## Instructions to follow
Give again, exactly as written, the lines of the records below from the line with "Katlanabilir Mutfak Süzgeci, Saplı, 30,5" to the line with "Whois Query Result". Both end lines count; pictures do not.

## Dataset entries
┄┄┄┄┄┄┄┄┄┄┄┄┄┄┄┄┄┄┄┄

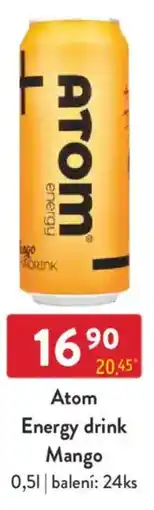 Qanto Atom Energy drink Mango nabídka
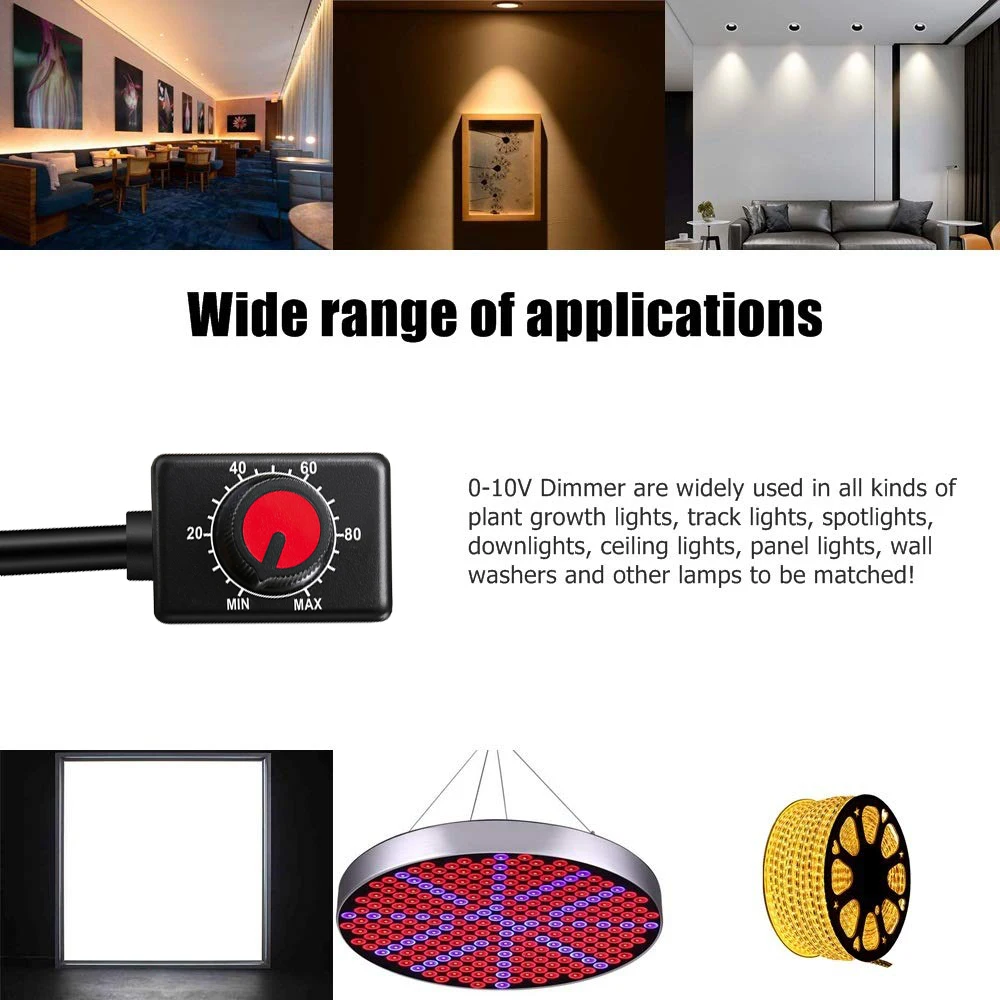 Hooanke 0-10V or 1-10V Signal PWM Dimmer for LED Lights with 0-10v LED Driver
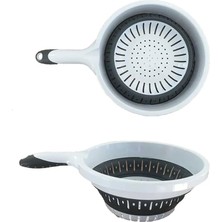 Katlanabilir Mutfak Süzgeci, Saplı, 30,5 x 14 Cm, Bulaşık Makinesinde Yıkanabilir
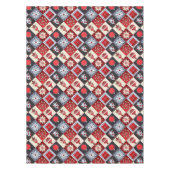 Whimsical Gingham Christmas Patchwork Quilt Tischdecke (Vorderseite)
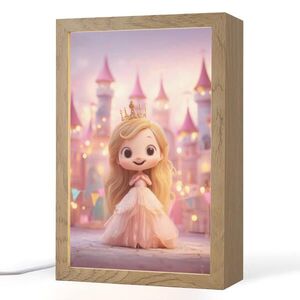 OnlyWow NOČNÁ LAMPA Princezná - ružová - hrad 20x30 cm vyobraziť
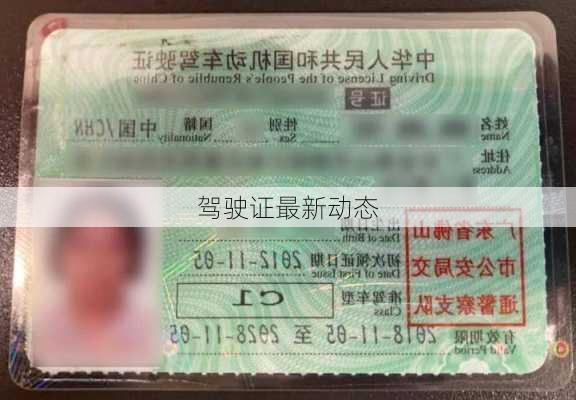 驾驶证最新动态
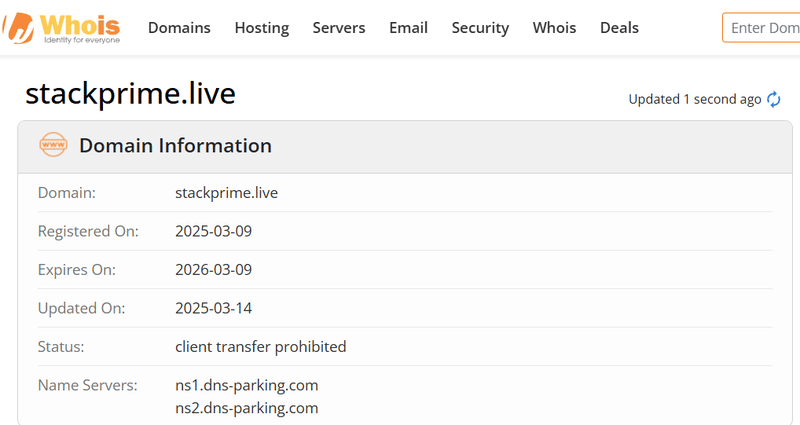Whois Query Result
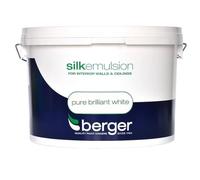 DRW Pure Brilliant White 10L For interior walls & and ceilings | Durable Silk Emulsion | Pack design maximises on shelf stand out and clearly communicates brand, finish and colour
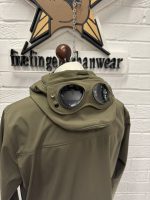 CP Company  002A C.P. Shell-R Goggle Jacket in DK Green - Image 11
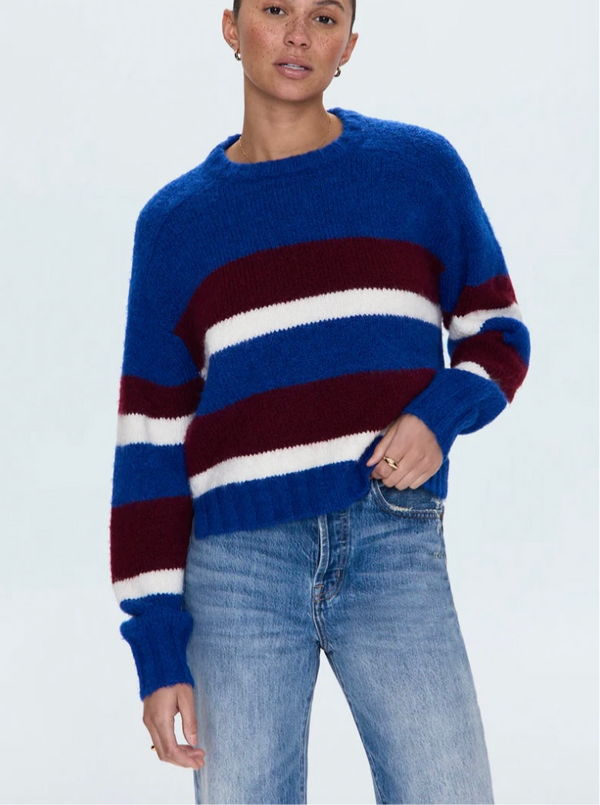 ADINA CHUNKY STRIPE SWEATER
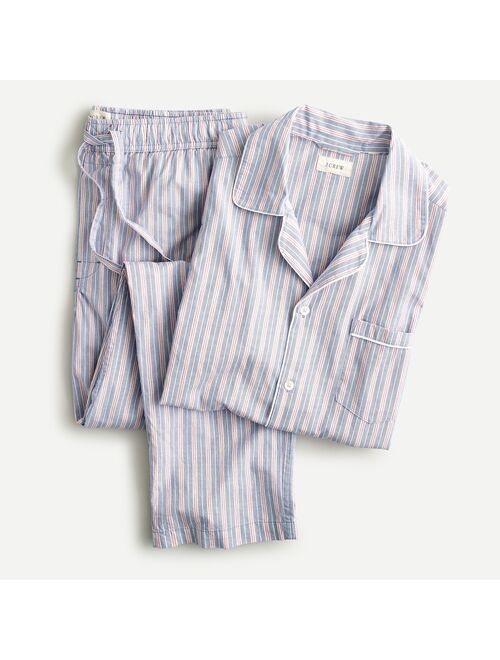 J.Crew Pajama set in cotton striped poplin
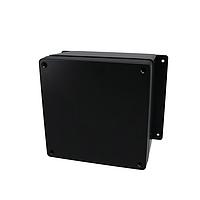 Bud Industries AN-2810-AB Electrical Enclosures Aluminum Enclosure with Mounting Flanges Black (6.3 X 6.3 X 4 In)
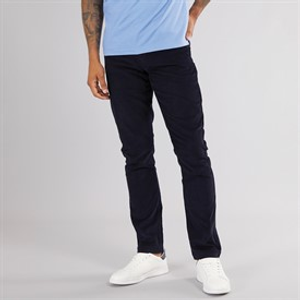 French Connection Mens Five Pocket Cord Chinos Marine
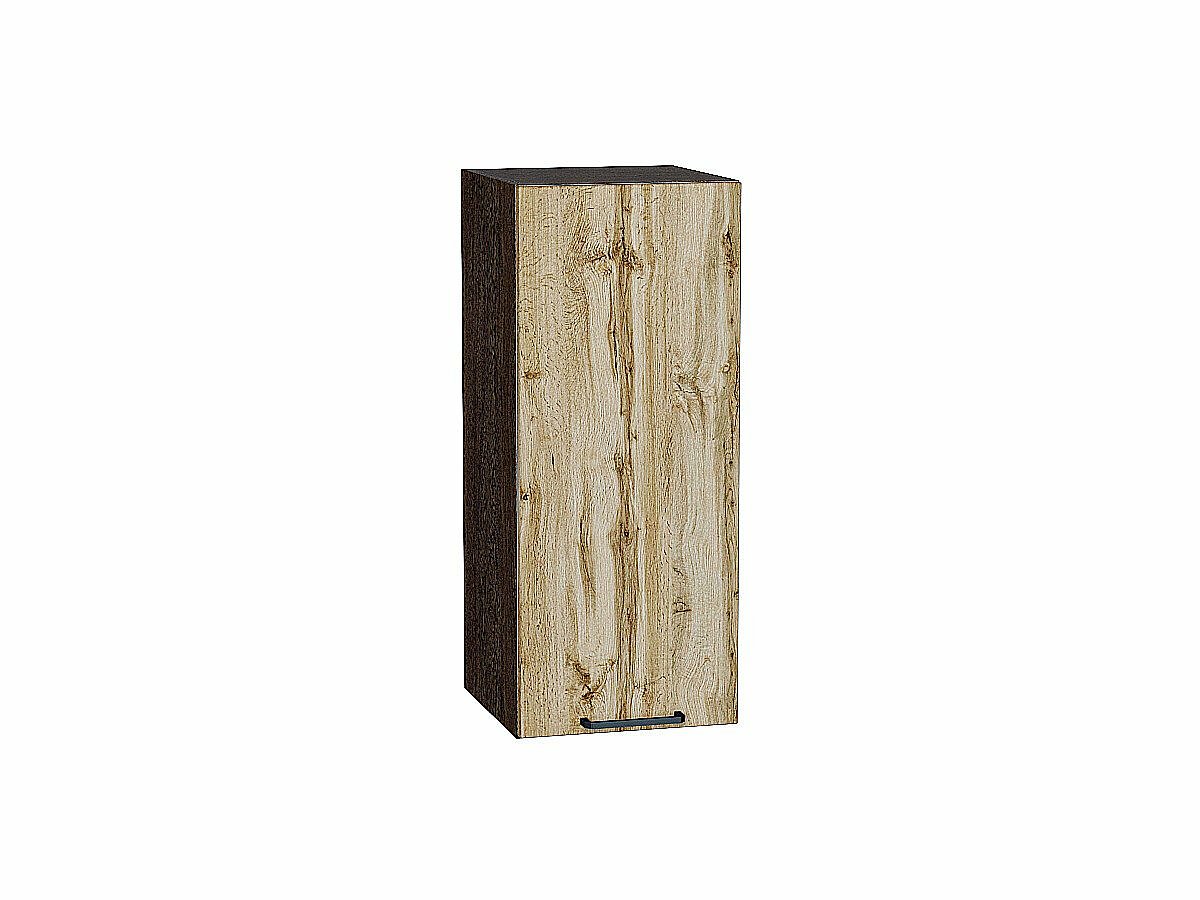 Шкаф верхний с 1-ой дверцей Флэт Wotan Oak 2S/Графит 716*300*318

┄┄┄┄┄┄┄┄┄┄┄┄┄┄┄┄┄┄┄┄

## Task result
 Katlanabilir Mutfak Süzgeci, Saplı, 30,5 x 14 Cm, Bulaşık Makinesinde Yıkanabilir
 Whimsical Gingham Christmas Patchwork Quilt Tischdecke (Vorderseite)
 OnlyWow NOČNÁ LAMPA Princezná - ružová - hrad 20x30 cm vyobraziť
 驾驶证最新动态
Whois Query Result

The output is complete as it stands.